The Basant-Prashant Jhawar promoter faction holds a 25.5 per cent stake in the company. The duo also dissented on the firm’s results, approved by the board of directors with a requisite majority at the meeting held on Monday.
Sources close to the development said the issue of sale of wire and wire ropes, had to be closed on Monday. Originally the company planned to sell the wire and wire ropes division but inadequate valuation had prompted it to consider the steel business for sale. Basant and Prashant Jhawar however dissented as they were in favour of sale of both divisions.
Prashant Jhawar’s submission to the stock exchanges was in the context of recent statements by Managing Director, Rajeev Jhawar, and chairman, G N Bajpai, at the company's extraordinary general meeting (EGM) on Saturday.
The Basant-Prasant Jhawar promoter faction and Brij-Rajeev Jhawar promoter faction, which have an equal shareholding of 25.5 per cent in the company, have been at odds for a while now.
Prashant Jhawar sought to know the debt of the company as of September 30, 2018. Usha Martin had said at the EGM on Saturday the debt at the end of June was Rs47 billion.
Prashant Jhawar also wanted details of the expected sale proceeds of the steel division, expected range of taxes and direct transaction cost, and any other expenses beyond Rs50 million to be paid from the proposed escrow account.
He also wanted to know the details of funds likely to be used for repaying debt and whether there would be any supervision by the board of the operations of the proposed escrow account. The sale proceeds, Usha Martin had said, would be kept in an escrow account with State Bank of India, which is the lead bank.

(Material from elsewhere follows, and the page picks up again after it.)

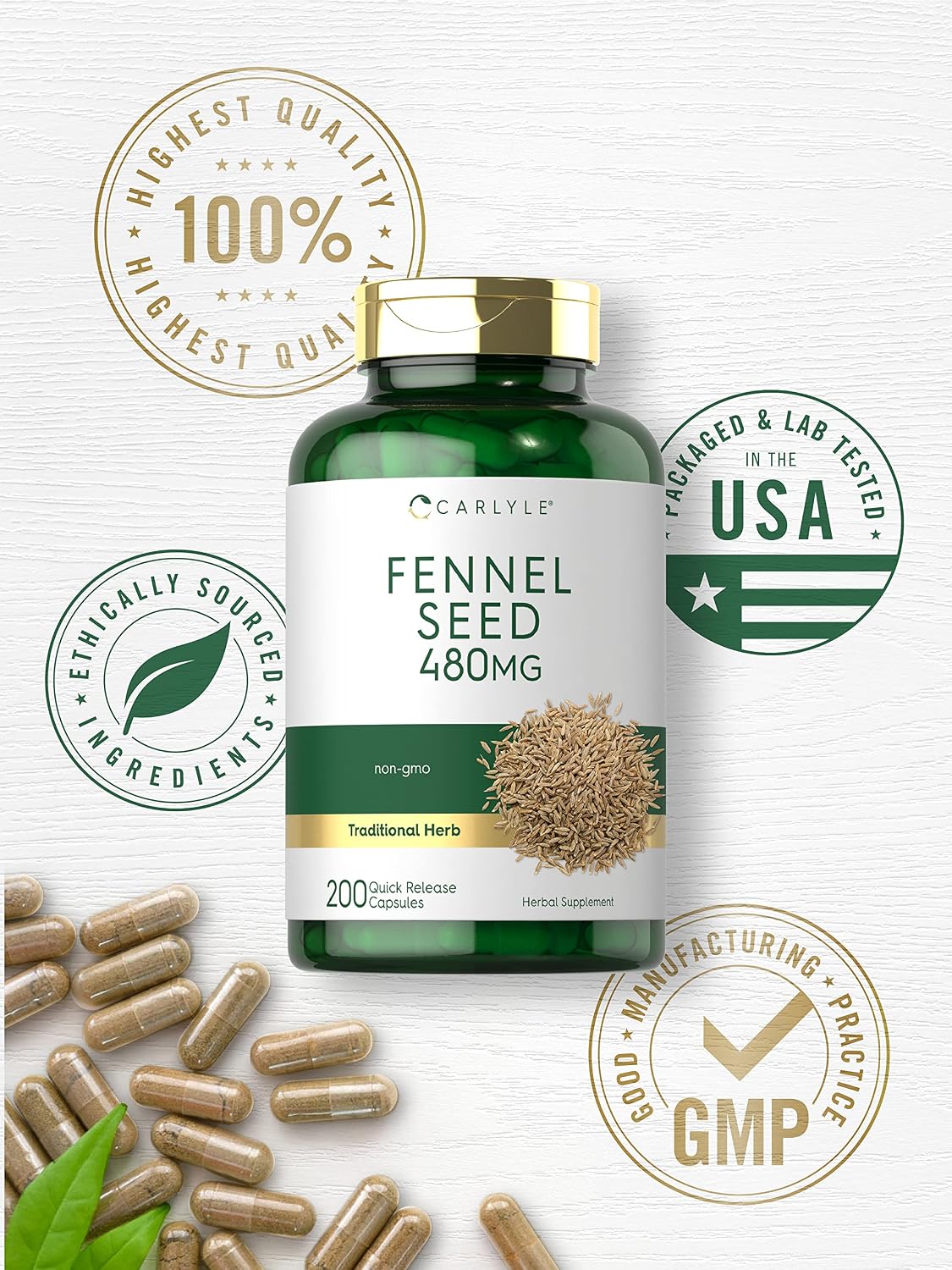 Carlyle Fennel Seed 480mg | 200 Capsules | Herbal Supplement | Non-GMO - görsel 5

Prashant Jhawar has also questioned the likely payment towards various contingent liabilities relating to the erstwhile coal and present operating/under development mines of the company, which are proposed to be transferred as part of sale transaction and would have a bearing on the expected realisable value of the steel plant. The amount was Rs3.77 billion as on March 31, 2018, according to Jhawar's submission.
Apart from the steel-manufacturing facility, the transaction with Tata Steel also includes an operative iron ore mine at the Ghatkuri block, a coal mine under development in Brinda and Sisai districts and captive power plants. The size of the deal is Rs45.20 billion.
Prashant Jhawar’s concern is whether the state government of Jharkhand would allow transferring the operating iron ore mine and coal mines without a settlement of dues.
Rajeev Jhawar had said the transaction would be completed in three months.